Because sexuality is such a powerful gift, I believe that the evil one—Satan—tempts us to sin against chastity, and to misuse and abuse our sexuality, because doing so can cause great harm to the Lord’s beloved children. We live in a world in which chastity is ever more difficult, and ever more challenged. We can see, all around us, the ways in which sins against chastity cause real and serious harm.

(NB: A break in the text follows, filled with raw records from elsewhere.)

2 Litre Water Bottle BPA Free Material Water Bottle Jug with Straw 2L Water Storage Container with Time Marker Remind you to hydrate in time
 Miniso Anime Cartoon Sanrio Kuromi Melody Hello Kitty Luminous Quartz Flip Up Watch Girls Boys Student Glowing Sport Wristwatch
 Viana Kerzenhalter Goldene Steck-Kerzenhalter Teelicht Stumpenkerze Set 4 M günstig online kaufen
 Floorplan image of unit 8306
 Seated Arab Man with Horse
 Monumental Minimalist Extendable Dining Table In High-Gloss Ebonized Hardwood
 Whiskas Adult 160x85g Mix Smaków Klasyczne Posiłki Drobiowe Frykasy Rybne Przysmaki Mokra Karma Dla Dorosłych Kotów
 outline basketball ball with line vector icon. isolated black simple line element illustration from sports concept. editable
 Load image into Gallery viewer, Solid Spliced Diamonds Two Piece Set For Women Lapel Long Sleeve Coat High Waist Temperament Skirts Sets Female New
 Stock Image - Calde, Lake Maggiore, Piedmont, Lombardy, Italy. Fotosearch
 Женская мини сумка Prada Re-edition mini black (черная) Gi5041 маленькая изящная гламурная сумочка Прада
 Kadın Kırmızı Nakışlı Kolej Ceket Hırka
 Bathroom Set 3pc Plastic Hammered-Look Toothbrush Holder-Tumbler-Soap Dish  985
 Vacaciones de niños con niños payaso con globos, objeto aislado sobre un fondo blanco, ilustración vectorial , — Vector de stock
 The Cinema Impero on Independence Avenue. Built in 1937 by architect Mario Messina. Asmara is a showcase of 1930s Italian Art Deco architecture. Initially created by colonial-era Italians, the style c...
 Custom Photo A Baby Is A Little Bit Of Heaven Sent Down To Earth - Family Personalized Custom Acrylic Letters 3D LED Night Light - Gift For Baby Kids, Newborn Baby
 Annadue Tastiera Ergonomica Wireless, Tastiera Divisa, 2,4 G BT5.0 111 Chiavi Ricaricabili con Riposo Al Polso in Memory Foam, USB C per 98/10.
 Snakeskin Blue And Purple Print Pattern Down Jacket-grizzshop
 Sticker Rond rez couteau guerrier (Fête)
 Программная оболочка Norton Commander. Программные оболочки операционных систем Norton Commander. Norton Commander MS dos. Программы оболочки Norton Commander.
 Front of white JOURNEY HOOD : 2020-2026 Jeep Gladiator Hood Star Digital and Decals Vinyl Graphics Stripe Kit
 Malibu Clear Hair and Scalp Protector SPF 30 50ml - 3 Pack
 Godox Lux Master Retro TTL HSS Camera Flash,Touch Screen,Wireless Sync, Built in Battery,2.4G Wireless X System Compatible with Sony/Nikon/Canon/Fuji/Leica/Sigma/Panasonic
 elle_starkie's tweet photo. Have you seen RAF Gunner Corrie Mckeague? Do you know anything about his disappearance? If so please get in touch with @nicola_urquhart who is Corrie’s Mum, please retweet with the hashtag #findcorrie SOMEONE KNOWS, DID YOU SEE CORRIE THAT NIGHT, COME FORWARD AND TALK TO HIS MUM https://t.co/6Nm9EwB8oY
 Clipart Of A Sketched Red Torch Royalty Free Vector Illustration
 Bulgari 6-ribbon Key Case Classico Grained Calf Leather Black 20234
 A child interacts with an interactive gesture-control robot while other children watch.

It is well known that sexual abuse and coercion are not unique to the Catholic Church. Children are most often abused by those they know well, and regrettably, this often includes their own family members. This also sometimes includes their teachers, their coaches and mentors, and, tragically, their pastors. When sexual abuse and coercion take place in the context of the family, they make it hard to trust in the goodness of God the Father; the same is true when abuse takes place in the context of the Church.
We should weep for those who struggle to trust God’s love because—in any context—they have been abused. And we should pray for them, daily.
We should also, at this difficult moment, pray for all Catholics who are angry, disappointed, or hurt. We should pray that Jesus, suffering alongside us, will reveal himself. And that he will show us the path to renewal, resurrection, and new life.
We should pray, especially, dear brothers and sisters, for the gift of chastity. We should pray that the Lord will give us a renewal of chastity, and that all who have been harmed by sins against chastity will be healed.
In 2009, Pope Benedict XVI wrote to victims of sexual abuse in Ireland. “Speaking to you as a pastor concerned for the good of all God’s children... I pray that, by drawing nearer to Christ and by participating in the life of his Church—a Church purified by penance and renewed in pastoral charity—you will come to rediscover Christ’s infinite love for each one of you. I am confident that in this way you will be able to find reconciliation, deep inner healing and peace.”
I share that prayer, and that confidence.
As a bishop, I apologize to anyone who has been harmed by the failures of the Church’s own leaders to live according to the Gospel, and especially to those who have suffered the pain of abuse or coercion. It might be difficult to believe, but Jesus suffers alongside you. He bears the cross along with you. So too do the many members of the Church—priests, deacons, and bishops among them—who are striving for chastity, and for holiness.
Christ promises new life. May he renew his Church, and renew the hearts of those who are suffering.